The Standard Model of particle physics has been hugely successful in describing the interactions of quarks and leptons in a wide variety of circumstances. However, as energies increase, the Standard Model is expected ultimately to break down. For example, the so called `hierarchy problem' suggests that new physics must exist at scales of around 1 TeV. Supersymmetry provides an attractive and elegant extension to the Standard Model, which could solve the hierarchy problem. The most general formulation of supersymmetry allows so called R-parity violating couplings between two Standard model particles (quarks and/or leptons) and a supersymmetric squark or slepton. The HERA collider is unique among current high energy facilities in its sensitivity to R-parity violating squark production. No other machine can access such large squark masses.

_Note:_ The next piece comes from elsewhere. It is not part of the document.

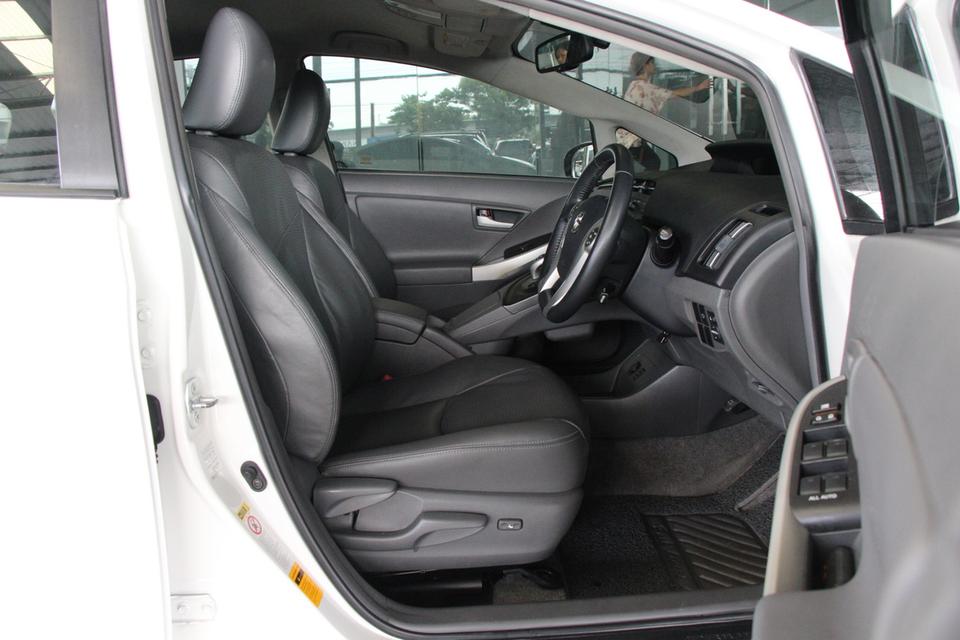 รหัสรถ TKG954 TOYOTA PRIUS 1.8 HYBRID ปี 2011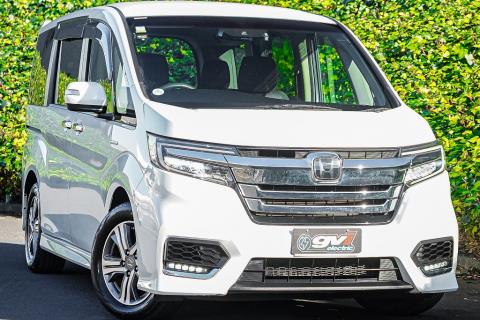 2017 Honda Step Wagon - Thumbnail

This paper follows on from a previous H1 search for squarks in R-parity violating supersymmetry, which is explained here . In contrast to the earlier publication, in this paper we consider the scenario in which the supersymmetric top quark (stop) is heavier than the supersymmetric bottom quark (sbottom). The physical process for which we search involves the resonant production of the stop via the fusion of the beam positron with a quark from the proton, dominantly a down quark for large Bjorken-x or stop mass (e+ d -> stop). The stop then decays either in the same way as it was produced (stop -> e+ d), or `bosonically' to a sbottom and a W boson (stop -> sbottom W).

The bosonic stop decay is particularly interesting in light of the previous observation by H1 of an anomalously large yield of events with an isolated electron or muon, missing transverse momentum and a hadronic system with large transverse momentum (for details see here ). This final state topology could be explained by the bosonic stop decay mode with the W decaying to the isolated lepton and a neutrino for the missing transverse momentum and the hadronic system arising from the sbottom. In such an interpretation, one might expect to find related signals in other possible stop decay modes, such as the bosonic decay mode with the W decaying to a pair of quarks (two high transverse momentum jets) or the direct decay to a positron and a down quark.

In fact, only the events with isolated muons and missing transverse momentum survive the stop interpretation. No significant signal is seen in any other channel, so bosonic stop decays are unlikely as an explanation of the previously reported anomalous events. Since this is the case, the results of the search are used to set limits on the stop mass, the sbottom mass and the R-parity violating Yukawa coupling of a down quark, a positron and a stop quark. An example can be seen in the figure, where the excluded regions of stop and sbottom masses are shown for a coupling of electromagnetic strength. Stop quarks with masses up to 260 GeV are excluded for all considered choices of other SUSY parameters. In at least some parts of the parameter space, masses as large as 275 GeV are excluded. These are the first such constraints from any experiment for the case where the stop decays bosonically.